The Secret Garden - first published in 1911 - is one of those books I remember from childhood only vaguely. For some reason it was the main characters' names which stayed with me - all I could recall 30 years on was that there was someone called Dickon, as well as someone called Colin Craven who never got out of bed; a Mary Lennox and, yes, that's right, a Mrs Medlock and a Martha.
It's one of those books you can't remember if you actually read in full or as an abridged version; or just listened to it being read aloud; or saw a film or play of it. At any rate, I couldn't recall what made the garden a secret one and why that would change Mary's life completely.
Having re-read it, everything came back. And as an adult, you see that this really is a serious and special book; you could even say a spiritual one.

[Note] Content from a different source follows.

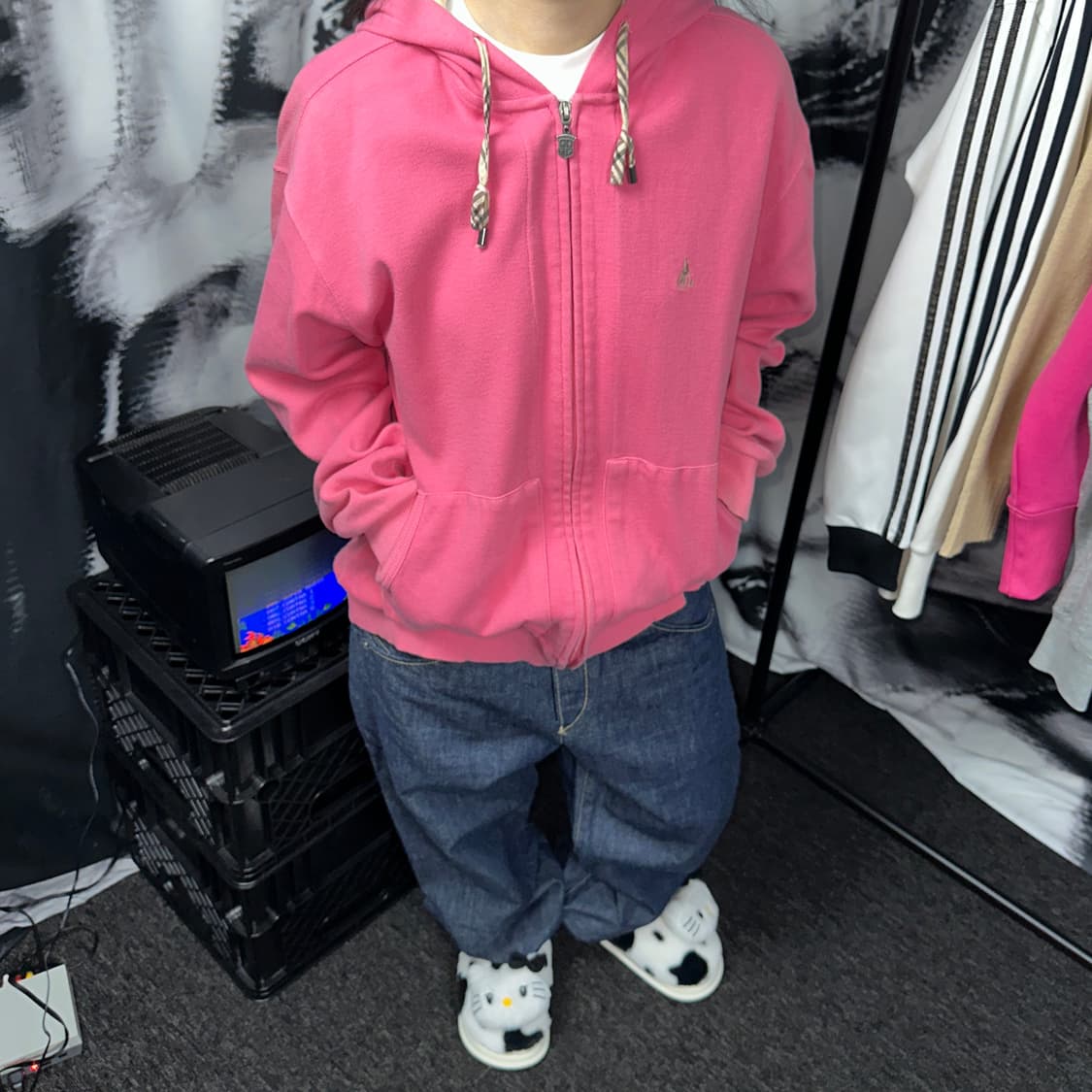 빈폴 핑크 노바체크 후드집업 상품이미지1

There are three lost souls here. The orphan heroine, Mary Lennox, an unlikeable, spoilt little rich girl who expects to be waited on hand and foot - but who has never been loved and is alone in the world. Her depressed uncle, Mr Craven, who has never recovered from the tragic loss of his wife in her much-loved garden, and who has shut the garden up and buried the key. And Mary's mysterious cousin Colin, a nervous hysterical invalid (at least he believes so), hidden away in Misselthwaite manor (a bit like Bertha in Jane Eyre).
As the lifeless, shut-away garden is brought back to life, all three undergo tranformations and find mutual happiness. The key to it all is not just nature; there's an important social message too. Servant girl Martha, a cheerful, down-to-earth and unspoilt local lass from a poverty-stricken but loving family, is Mary's salvation (surely the biblical names cannot be coincidental). Martha's family - her gentle brother Dickon and her wise mother Mrs Sowerby - tend Mary's soul just as Mary learns to tend her garden.
This is an earthy yet sophisticated Edwardian tale whose wisdom still resonates today: the message is that wealth and privilege do not make you happy; far from it. Love, which the poor folk have plenty of, makes you happy, and makes you grow as a person.
In the novel's climax, Mr Craven has a moment of awakening and hears the voice of his long-lost wife calling him, which happens just as Colin has his own epiphany, realising: 'I shall live forever!' The potential for rebirth and regrowth after loss is the allegory here - it's wonderful that Burnett judged child readers capable of appreciating this profound spiritual idea.
During her lifetime (1849 - 1924) she was just as famous for her many novels for adults - yet today only her children's works remain known. You can tell Frances Hodgeson Burnett loved the Brontës - the plot of A Little Princess (my own childhood favourite of her novels) bears close resemblance to Charlotte Bronte's last, unfinished novel; and The Secret Garden is a love-letter to the Yorkshire Moors, complete with many 'wuthering' winds.
Her books are a good stepping-stone for older children towards grown-up classics like Jane Eyre or Wuthering Heights - if a girl enjoys The Secret Garden, she'll be sure to appreciate either.
The Secret Garden (unabridged) by Frances Hodgson Burnett is published by Oxford University Press (£6.99).